A door marked “Lab 16” appeared in front of me, sensed my presence, and slid open. A worried-looking lab tech hurried forward. She wore a severe pageboy, no jewelry, and an immaculate lab coat. An I.D. badge hung from her breast pocket and identified her as Carla Sanchez. She gave me the same sort of look a butcher gives a side of beef and pointed over her shoulder. “Place him on the table and strap him down.”

The table looked like the kind you find in well-equipped operating rooms.
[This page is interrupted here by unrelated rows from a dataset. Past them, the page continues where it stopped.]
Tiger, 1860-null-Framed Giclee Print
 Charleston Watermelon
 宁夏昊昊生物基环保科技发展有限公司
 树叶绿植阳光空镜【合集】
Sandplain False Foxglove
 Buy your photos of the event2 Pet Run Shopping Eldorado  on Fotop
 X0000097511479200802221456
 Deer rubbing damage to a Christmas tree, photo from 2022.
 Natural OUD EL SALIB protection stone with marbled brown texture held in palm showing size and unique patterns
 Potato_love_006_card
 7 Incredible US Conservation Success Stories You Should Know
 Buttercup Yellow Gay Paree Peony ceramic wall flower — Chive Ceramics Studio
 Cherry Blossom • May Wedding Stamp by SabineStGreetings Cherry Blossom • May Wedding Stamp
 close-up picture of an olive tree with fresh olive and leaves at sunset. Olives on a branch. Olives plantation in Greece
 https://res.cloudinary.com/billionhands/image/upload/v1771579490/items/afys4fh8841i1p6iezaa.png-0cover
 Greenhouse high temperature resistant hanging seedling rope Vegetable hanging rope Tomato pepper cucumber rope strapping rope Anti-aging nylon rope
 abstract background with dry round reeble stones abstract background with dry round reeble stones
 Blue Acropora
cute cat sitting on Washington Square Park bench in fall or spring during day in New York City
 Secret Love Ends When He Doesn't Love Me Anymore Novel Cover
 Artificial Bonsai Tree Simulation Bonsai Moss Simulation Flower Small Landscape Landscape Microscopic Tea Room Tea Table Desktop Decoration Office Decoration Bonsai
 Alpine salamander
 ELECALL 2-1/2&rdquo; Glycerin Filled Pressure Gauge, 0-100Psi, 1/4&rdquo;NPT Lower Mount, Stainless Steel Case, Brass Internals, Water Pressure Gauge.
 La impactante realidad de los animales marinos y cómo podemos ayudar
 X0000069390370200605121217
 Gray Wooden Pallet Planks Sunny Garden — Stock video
It was backed by a wall full of vid screens and banks of computer equipment. The autosurgeon stood crouched over the table. Its arms whirred as servos were tested and found to be in working order.

I remembered the dreams that weren’t dreams and tried to escape. The zappers clamped down on my wrists and pain lanced through my nervous system. I screamed and kept on screaming as the guards lifted me onto the table, applied the straps, and removed the zappers. The pain disappeared and left me sobbing for breath.

Sanchez appeared between me and the ceiling, waved a scanner in front of my eyes, and squinted at the reading. She smelled of soap, and the fragrance remained even after she had disappeared. I liked the smell, even though I knew it was stupid, and marveled at how the male part of me never quit. I whimpered pitifully and nobody came.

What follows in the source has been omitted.